Please notice again, that you should never add the target folder
(resources/target or tooling/target) to the git history. The
downloaded tools can easily be downloaded running Maven in each
working copy of the edition.
After the above set up the new tools can be used likewise in local set ups as in the CI/CD pipelines. The first thing should allways be installing your reproducible tooling environment:
cd resources # or cd tooling
./mvnw packageOf course, you don't have to use
Tooling; it's just a
recommendation. Instead you can use GNU Make or simply your command
line, for getting and unpacking a release of xtriples-micro.

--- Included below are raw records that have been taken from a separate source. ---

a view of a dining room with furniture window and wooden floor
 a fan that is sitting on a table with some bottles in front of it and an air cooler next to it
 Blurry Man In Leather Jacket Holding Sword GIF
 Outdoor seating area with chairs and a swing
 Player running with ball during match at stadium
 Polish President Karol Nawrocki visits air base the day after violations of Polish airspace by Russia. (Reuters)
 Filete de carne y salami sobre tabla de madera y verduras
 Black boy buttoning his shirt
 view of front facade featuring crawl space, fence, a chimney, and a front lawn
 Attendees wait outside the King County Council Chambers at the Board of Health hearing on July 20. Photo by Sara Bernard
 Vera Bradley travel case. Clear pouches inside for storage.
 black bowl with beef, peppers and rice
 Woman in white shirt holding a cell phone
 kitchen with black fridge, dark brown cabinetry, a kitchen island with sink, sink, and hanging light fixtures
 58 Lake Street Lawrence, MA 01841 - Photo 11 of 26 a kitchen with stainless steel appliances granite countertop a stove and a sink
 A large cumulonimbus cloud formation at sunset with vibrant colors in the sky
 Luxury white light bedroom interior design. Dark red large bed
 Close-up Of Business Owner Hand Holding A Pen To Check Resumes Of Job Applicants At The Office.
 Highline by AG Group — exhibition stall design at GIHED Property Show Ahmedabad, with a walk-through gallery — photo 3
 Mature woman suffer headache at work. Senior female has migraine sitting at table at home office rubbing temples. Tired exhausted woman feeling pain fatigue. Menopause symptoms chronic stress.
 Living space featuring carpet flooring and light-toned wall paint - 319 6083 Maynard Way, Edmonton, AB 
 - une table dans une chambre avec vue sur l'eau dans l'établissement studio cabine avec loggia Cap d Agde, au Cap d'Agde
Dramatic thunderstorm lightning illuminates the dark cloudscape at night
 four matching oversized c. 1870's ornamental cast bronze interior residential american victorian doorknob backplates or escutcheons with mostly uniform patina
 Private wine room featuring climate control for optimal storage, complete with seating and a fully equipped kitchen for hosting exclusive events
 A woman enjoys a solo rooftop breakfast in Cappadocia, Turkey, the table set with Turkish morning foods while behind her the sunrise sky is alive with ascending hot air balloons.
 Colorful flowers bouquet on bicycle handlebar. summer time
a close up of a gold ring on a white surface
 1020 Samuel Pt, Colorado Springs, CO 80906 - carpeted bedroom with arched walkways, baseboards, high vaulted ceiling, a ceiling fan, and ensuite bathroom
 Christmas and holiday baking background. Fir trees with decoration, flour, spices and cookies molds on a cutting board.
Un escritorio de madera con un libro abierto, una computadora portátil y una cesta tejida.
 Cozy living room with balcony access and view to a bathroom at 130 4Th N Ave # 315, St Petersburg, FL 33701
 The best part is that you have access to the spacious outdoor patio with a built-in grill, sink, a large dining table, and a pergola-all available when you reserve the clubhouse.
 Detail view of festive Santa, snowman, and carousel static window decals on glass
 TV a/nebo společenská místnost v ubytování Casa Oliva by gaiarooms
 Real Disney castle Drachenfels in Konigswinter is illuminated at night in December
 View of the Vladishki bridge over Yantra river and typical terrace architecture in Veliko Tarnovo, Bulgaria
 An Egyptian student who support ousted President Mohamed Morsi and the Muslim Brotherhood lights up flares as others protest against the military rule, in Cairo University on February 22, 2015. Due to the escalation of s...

export XTRIPLES_VERSION=0.5.4
wget https://github.com/SCDH/xtriples-micro/releases/download/$XTRIPLES_VERSION/xtriples-$XTRIPLES_VERSION-package.zip
wget https://your-provider.com/saxon-he.jar
wget https://your-provider.com/jena-riot.jar
wget https://your-provider.com/all-the-other-dependency.jars
export CP=.........
java -cp $CP net.sf.saxon.Transform ...However, this will quickly get very error prone. Furthermore, using Ant's XSLT target has shown to run 60 times faster that driving XSLT for many files through GNU Make, i.e., minutes instead of seconds.
[^1]: Cloing xtriples-micro and using its tooling environment should
only be used for playing around with it and for development.